Here, though, is Mike Hulme's finale:

To use the language of Jason Maloy at Louisiana University, climate change is neither an emergency or a crisis; it is a political epic, “a process of collective human effort that features gradual progression through time, obscure problem origins, and anticlimactic outcomes.”

The best that we can say is that the world will continue slowly to decarbonize its energy system and, at the same time, the Earth will continue slowly to warm. And societies will continue to adapt to evolving climate hazards in new ways, as they have always done, with winners and losers along the way.

The world is, yes, slowly decarbonizing; at least, the developed world is. Why? In part, because there is one power system that is working its way slowly back into broader acceptance, with new technologies, that is not only truly emissions-free but also has the highest energy density of any generation method to date: nuclear power. The earth will continue to warm; it has been, minus a few side jaunts, since the end of the last major glaciation about 11,700 years ago. And we will adapt to warming conditions; places now too cold to grow crops will become the new breadbaskets of the planet, even as some more southerly places turn to desert — or rain forest. 'Twas always thus; in the Eocene, much of Europe was covered in tropical rain forest, and as recently as the Miocene, there were no polar ice caps to speak of.
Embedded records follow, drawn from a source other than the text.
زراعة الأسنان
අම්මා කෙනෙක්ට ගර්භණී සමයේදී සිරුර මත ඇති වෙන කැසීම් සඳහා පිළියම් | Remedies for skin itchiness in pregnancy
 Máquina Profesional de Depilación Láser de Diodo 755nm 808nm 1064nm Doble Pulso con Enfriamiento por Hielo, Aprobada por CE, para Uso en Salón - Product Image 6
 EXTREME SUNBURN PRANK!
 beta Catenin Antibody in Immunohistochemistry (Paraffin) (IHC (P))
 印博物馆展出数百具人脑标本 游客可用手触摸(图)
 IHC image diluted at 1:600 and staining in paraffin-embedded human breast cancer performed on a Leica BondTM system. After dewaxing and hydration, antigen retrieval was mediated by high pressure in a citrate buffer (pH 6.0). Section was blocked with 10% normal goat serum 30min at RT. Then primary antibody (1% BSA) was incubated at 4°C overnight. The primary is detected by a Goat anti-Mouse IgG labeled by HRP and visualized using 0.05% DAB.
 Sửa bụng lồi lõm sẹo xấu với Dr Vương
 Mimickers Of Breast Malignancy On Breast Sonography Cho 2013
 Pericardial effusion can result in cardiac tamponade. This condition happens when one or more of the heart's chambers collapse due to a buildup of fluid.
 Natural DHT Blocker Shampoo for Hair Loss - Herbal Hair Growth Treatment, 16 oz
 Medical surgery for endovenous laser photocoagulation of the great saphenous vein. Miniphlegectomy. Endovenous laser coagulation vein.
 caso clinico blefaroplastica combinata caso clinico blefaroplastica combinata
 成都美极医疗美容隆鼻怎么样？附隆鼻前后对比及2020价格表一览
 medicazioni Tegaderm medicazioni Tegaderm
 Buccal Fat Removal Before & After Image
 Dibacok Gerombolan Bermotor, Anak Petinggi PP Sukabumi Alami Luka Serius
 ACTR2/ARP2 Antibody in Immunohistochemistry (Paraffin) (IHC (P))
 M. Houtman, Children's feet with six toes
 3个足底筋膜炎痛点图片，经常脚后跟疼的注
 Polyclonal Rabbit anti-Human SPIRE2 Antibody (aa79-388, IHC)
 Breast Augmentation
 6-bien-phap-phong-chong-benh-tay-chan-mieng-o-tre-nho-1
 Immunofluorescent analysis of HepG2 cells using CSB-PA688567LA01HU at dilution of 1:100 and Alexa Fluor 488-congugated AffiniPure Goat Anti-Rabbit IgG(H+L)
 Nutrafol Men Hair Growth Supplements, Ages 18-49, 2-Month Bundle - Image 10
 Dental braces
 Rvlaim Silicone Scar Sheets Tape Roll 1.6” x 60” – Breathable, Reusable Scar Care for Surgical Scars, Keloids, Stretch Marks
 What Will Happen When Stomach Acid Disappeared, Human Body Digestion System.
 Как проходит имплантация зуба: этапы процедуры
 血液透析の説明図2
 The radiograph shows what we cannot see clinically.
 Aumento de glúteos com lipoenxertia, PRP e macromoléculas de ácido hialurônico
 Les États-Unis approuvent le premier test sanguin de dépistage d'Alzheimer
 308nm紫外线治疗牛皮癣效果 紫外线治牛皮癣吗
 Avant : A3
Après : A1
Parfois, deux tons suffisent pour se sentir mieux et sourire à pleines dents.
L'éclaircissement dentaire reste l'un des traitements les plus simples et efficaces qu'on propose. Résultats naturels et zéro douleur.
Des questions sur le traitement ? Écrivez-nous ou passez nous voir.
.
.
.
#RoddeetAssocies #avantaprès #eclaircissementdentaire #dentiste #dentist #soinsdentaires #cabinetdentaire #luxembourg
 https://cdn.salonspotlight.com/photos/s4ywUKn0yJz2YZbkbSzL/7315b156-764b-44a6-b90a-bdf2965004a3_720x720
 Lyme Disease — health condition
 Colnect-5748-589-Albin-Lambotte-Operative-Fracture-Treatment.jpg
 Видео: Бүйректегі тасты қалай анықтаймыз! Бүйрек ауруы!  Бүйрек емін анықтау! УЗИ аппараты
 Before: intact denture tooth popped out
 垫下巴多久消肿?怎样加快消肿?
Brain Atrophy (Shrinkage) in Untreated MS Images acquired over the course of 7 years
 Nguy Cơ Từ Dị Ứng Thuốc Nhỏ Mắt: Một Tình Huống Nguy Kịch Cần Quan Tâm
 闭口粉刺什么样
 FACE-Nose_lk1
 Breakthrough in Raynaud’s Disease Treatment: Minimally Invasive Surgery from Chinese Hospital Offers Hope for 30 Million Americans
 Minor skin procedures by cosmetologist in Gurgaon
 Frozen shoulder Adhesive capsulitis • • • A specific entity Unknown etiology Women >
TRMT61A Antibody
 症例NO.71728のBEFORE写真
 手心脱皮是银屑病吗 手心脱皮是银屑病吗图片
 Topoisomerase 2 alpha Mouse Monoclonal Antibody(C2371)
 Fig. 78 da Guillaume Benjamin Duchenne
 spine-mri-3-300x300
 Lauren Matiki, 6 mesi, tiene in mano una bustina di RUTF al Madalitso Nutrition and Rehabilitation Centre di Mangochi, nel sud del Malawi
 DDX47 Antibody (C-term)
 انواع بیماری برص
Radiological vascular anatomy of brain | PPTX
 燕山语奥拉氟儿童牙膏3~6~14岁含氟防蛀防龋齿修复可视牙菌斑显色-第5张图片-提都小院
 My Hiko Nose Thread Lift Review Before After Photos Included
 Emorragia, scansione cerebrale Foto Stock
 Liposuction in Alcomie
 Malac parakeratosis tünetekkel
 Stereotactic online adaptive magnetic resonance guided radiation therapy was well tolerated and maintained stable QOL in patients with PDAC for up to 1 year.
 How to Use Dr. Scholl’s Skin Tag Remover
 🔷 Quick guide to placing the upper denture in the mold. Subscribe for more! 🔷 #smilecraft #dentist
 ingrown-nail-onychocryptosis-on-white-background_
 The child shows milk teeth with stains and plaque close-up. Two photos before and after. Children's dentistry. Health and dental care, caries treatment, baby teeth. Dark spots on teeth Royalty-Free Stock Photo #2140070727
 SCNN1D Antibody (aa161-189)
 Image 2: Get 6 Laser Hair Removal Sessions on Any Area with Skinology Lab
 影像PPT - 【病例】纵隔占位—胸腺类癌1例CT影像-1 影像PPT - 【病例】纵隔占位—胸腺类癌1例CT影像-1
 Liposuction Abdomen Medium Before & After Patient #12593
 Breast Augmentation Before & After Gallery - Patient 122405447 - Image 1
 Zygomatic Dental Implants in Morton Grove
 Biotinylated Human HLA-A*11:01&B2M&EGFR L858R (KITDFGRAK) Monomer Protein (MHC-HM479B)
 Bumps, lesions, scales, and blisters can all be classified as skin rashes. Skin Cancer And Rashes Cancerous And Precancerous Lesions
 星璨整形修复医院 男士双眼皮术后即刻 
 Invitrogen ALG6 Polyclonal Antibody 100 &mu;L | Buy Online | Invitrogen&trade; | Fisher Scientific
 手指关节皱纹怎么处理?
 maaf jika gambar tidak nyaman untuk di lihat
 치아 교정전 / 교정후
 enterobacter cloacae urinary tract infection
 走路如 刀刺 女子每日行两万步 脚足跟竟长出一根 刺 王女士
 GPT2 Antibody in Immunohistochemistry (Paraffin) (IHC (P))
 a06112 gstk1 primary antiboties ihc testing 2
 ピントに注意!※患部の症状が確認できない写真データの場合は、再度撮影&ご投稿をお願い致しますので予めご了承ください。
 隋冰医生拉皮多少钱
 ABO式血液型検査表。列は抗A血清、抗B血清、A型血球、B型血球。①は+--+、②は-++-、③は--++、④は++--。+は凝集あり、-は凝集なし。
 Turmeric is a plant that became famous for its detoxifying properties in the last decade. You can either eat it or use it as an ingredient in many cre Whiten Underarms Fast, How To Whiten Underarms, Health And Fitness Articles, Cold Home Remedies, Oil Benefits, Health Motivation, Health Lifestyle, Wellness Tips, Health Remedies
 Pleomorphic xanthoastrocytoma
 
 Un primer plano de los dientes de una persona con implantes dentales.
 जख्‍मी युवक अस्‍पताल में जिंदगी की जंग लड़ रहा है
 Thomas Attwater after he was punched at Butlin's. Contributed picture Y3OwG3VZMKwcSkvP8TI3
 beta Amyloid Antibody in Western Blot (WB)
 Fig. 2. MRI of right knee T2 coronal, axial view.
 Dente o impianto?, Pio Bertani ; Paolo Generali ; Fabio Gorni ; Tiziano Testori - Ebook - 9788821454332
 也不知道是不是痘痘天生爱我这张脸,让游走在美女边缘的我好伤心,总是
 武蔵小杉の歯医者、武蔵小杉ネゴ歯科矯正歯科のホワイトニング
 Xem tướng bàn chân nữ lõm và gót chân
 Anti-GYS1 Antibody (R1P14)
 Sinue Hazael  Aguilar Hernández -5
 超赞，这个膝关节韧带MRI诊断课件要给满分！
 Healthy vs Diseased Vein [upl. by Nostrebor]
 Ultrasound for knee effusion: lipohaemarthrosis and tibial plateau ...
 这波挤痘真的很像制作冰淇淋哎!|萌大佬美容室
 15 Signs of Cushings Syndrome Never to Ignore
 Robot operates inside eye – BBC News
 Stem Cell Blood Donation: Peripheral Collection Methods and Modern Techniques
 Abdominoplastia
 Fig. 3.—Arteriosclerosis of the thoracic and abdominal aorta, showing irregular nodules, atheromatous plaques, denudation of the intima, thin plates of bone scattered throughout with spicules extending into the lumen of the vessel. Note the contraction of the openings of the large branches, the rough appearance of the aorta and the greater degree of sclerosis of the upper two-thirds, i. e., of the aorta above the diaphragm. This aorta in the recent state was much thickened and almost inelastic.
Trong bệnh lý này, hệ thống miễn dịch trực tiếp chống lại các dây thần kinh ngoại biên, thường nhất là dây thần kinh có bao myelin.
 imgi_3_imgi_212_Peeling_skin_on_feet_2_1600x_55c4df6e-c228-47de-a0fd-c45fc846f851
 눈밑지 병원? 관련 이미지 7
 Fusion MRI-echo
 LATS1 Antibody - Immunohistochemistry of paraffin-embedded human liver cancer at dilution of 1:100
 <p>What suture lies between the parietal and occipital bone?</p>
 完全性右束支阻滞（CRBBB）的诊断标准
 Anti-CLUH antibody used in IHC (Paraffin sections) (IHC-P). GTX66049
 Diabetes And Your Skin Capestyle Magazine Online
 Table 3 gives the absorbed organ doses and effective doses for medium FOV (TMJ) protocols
Humans are smart and adaptable. We'll deal with the issues as they arise, many of them in ways we can't yet imagine; as I am continually saying, we solve today's problems with tomorrow's technologies, and in some cases, we don't know what those technologies will be yet. If I had to guess, I'd say the biggest possible game-changer would be practical, grid-scale fusion power, but that is, as we say, still forty years away, and has been for half a century or more.

Mike Hulme has nevertheless made an interesting intellectual journey. Climate isn't just a matter of science. As it is framed in today's geopolitical world, whether we like it or not, it is now a policy issue. Public policy must be based on a scrupulous analysis of facts, and that means all the facts, including all of our possible sources of energy — including nuclear power — and the quality of life of humanity, which, again, requires abundant, cheap, reliable, high-density energy.

That's what we can hope for in the future. That's what Mike Hulme is realizing. His essay is worth considering. We might not agree with all of his positions, but his intellectual journey is probably not done yet.